:: Records provided ::
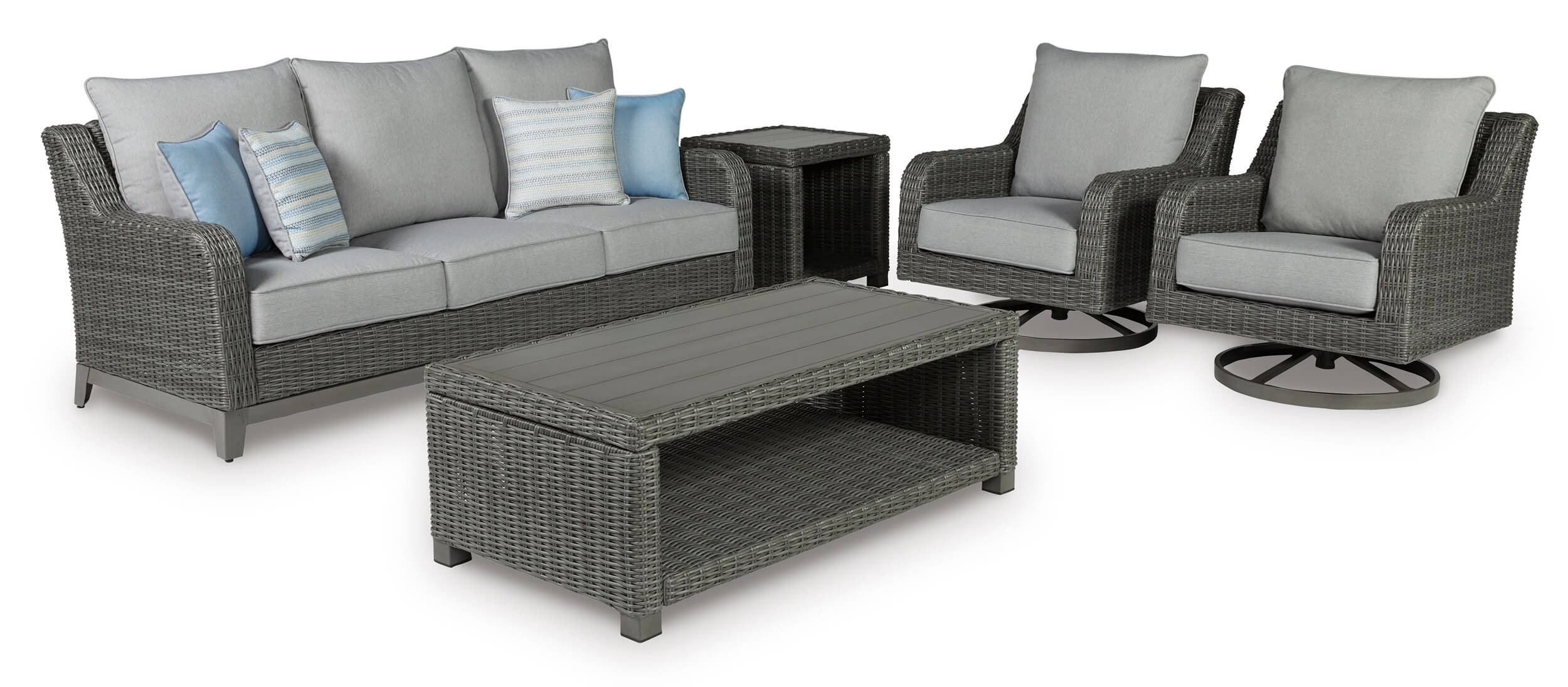 Elite Park Outdoor Nuvella Fabric/Resin Wicker Set w/Pillows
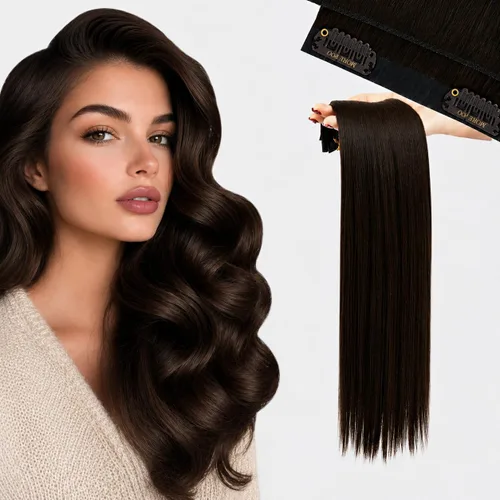Miniatura 17 de Moresoo Genius - Extensiones de cabello humano real con clip, color negro azabache, invisibles, sin costuras, de trama de piel sintética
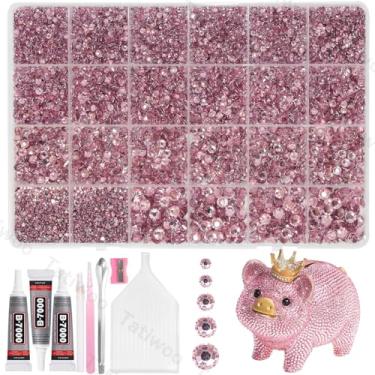 Imagem de 20.000 peças de strass de resina de geleia rosa claro para deslumbramento, tamanhos mistos de 2-6 mm pedras de cristal de strass, pedras rosa deslumbrantes para artesanato para maquiagem de rosto faça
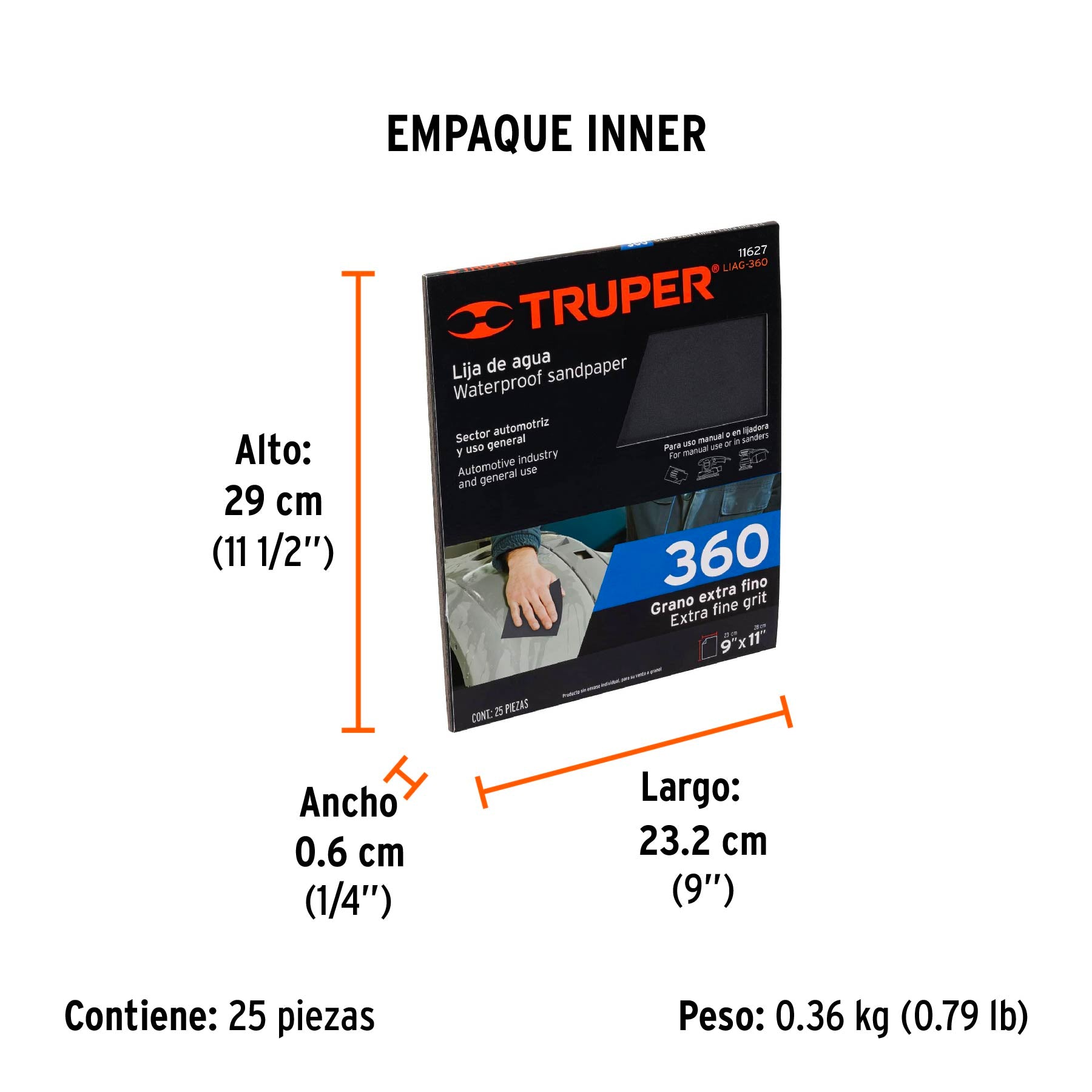Lija de agua, grano 360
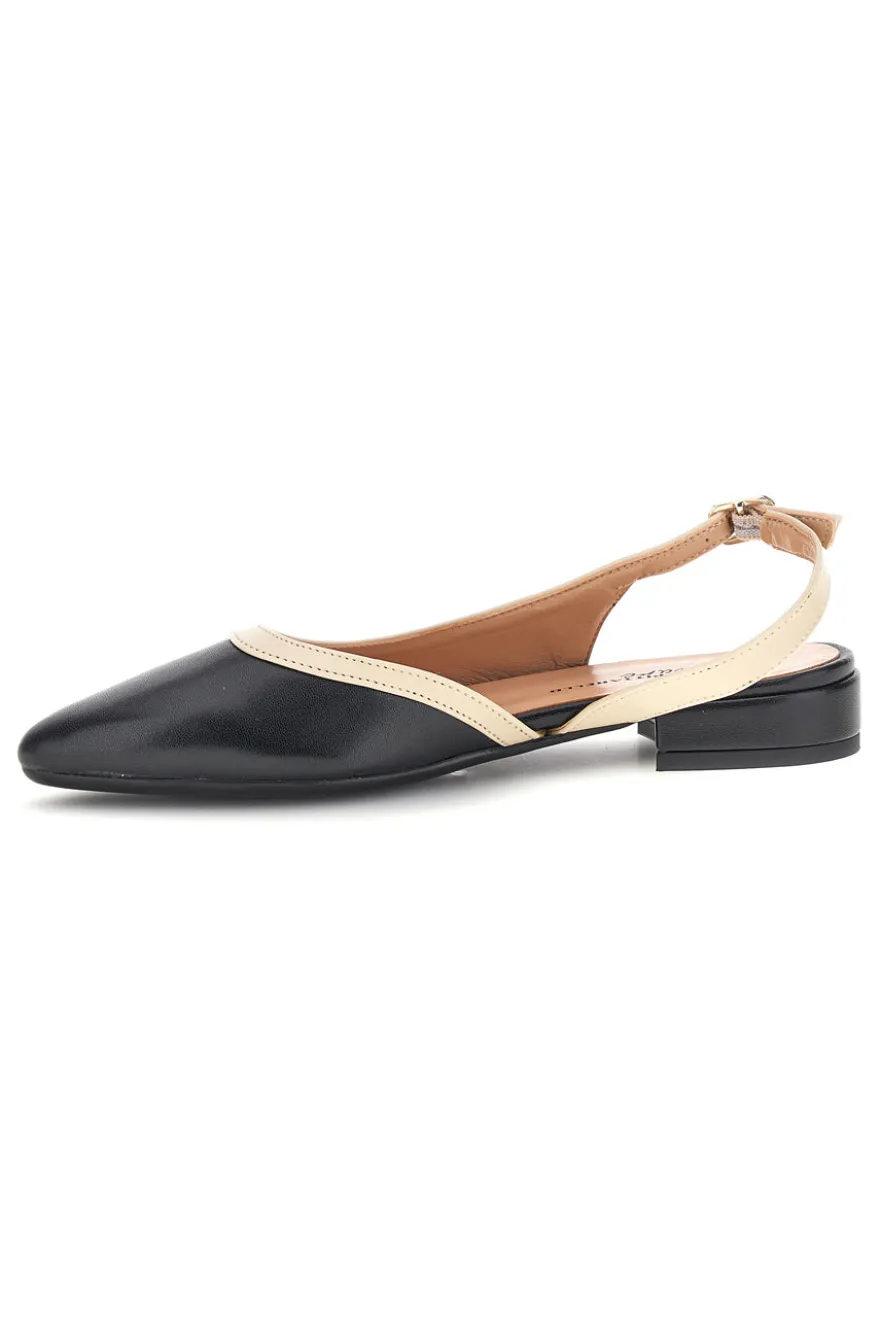 Ballerine Nere Made in Italy con cinturino Pittarello couture 6011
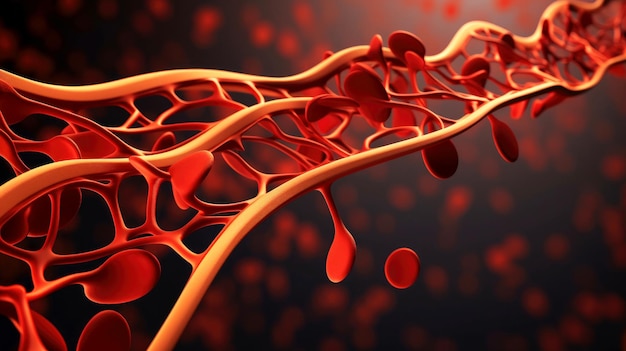 Modèle d'illustration 3D des systèmes d'organes humains, des globules rouges et blancs circulatoires et digestifs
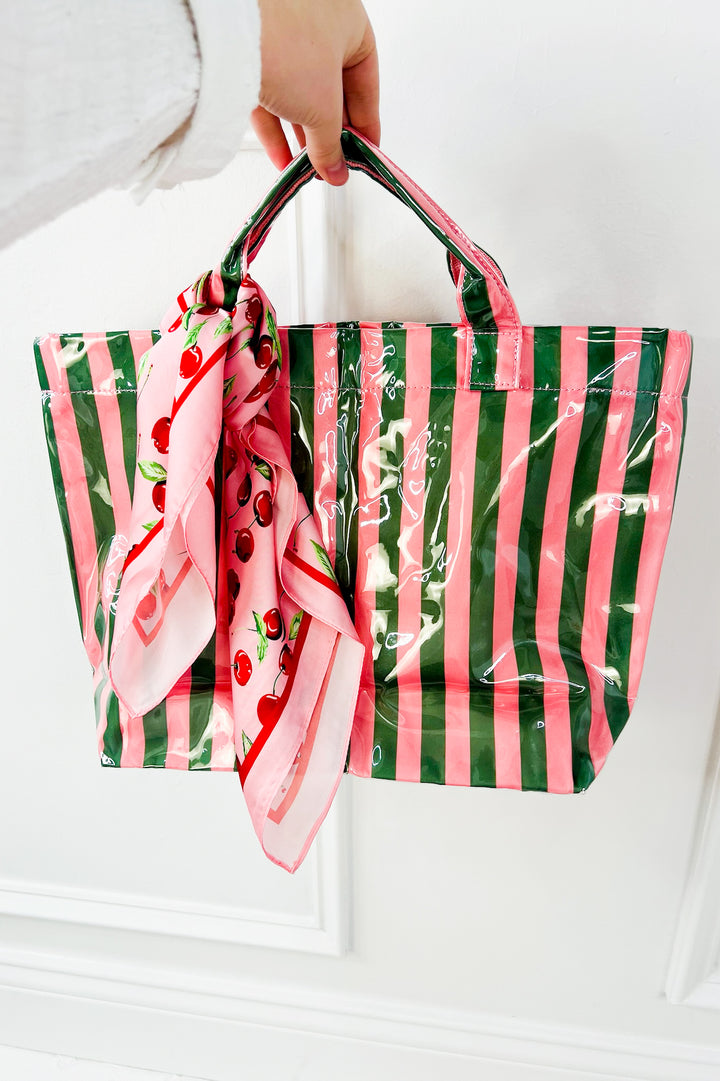 Large Striped Vinyl Tote Bags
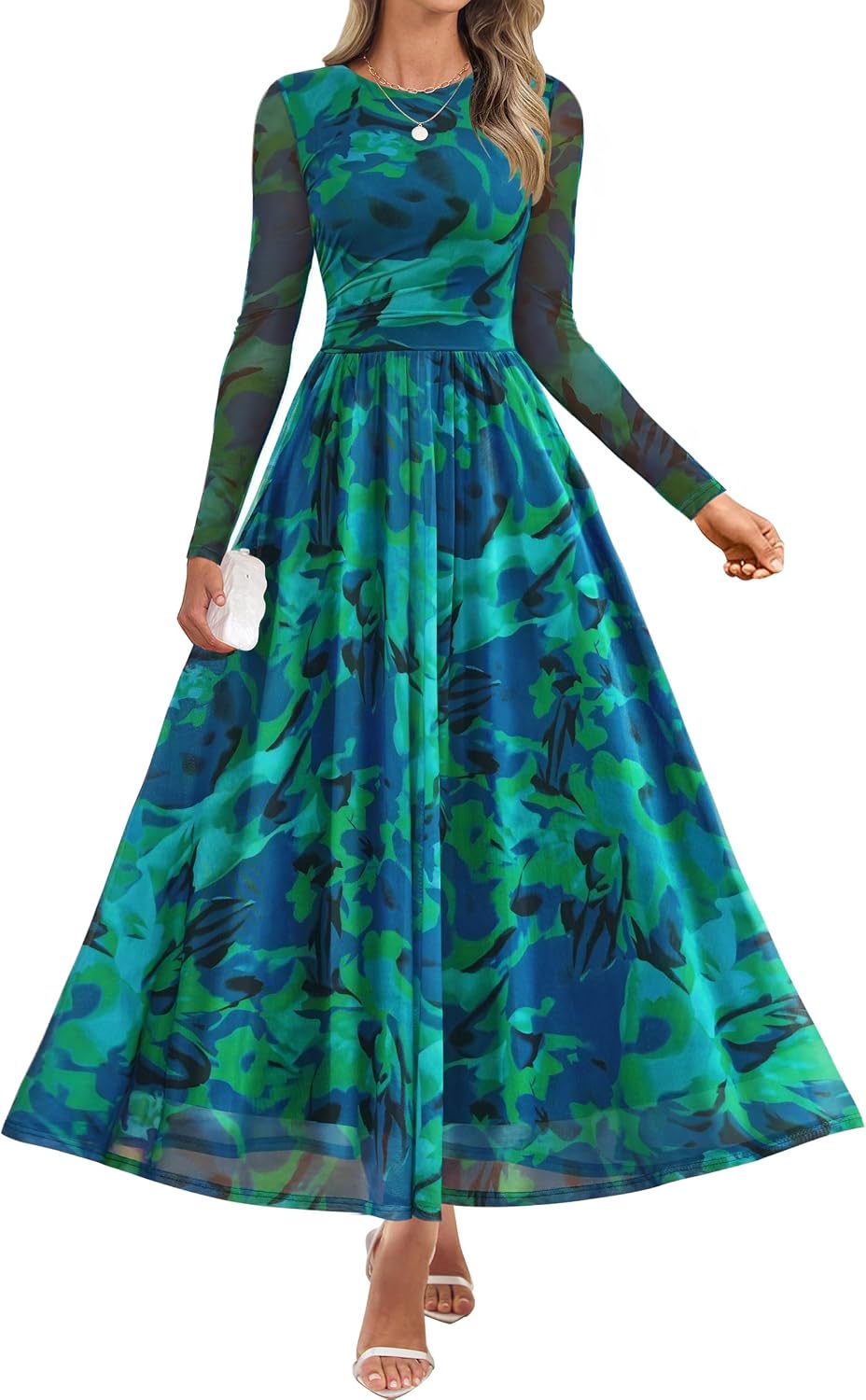 ZESICA Women's Fall Long Sleeve Wedding Guest Dresses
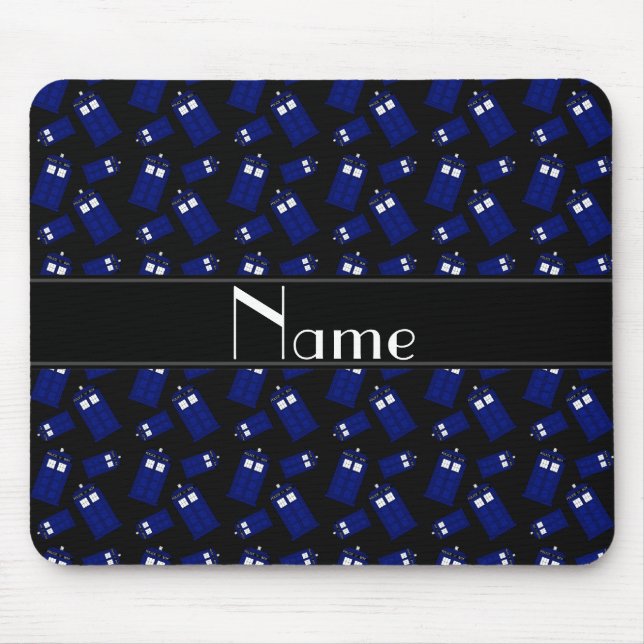 Personalised name black police box mouse mat (Front)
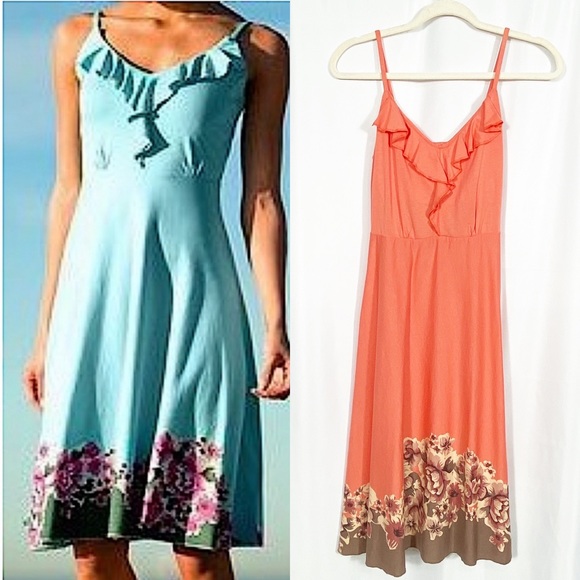 Patagonia Dresses & Skirts - Patagonia Kamala Ruffle Tank Organic Cotton Dress: Coral Floral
:::
### Work instruction
Only the lines from the one containing "Modèle d'illustration 3D" through the last line of the entries above should be copied, exactly as they are and without the pictures.

### Final answer
 Modèle d'illustration 3D des systèmes d'organes humains, des globules rouges et blancs circulatoires et digestifs
 Large Striped Vinyl Tote Bags
 ZESICA Women's Fall Long Sleeve Wedding Guest Dresses
 Personalised name black police box mouse mat (Front)
 Patagonia Dresses & Skirts - Patagonia Kamala Ruffle Tank Organic Cotton Dress: Coral Floral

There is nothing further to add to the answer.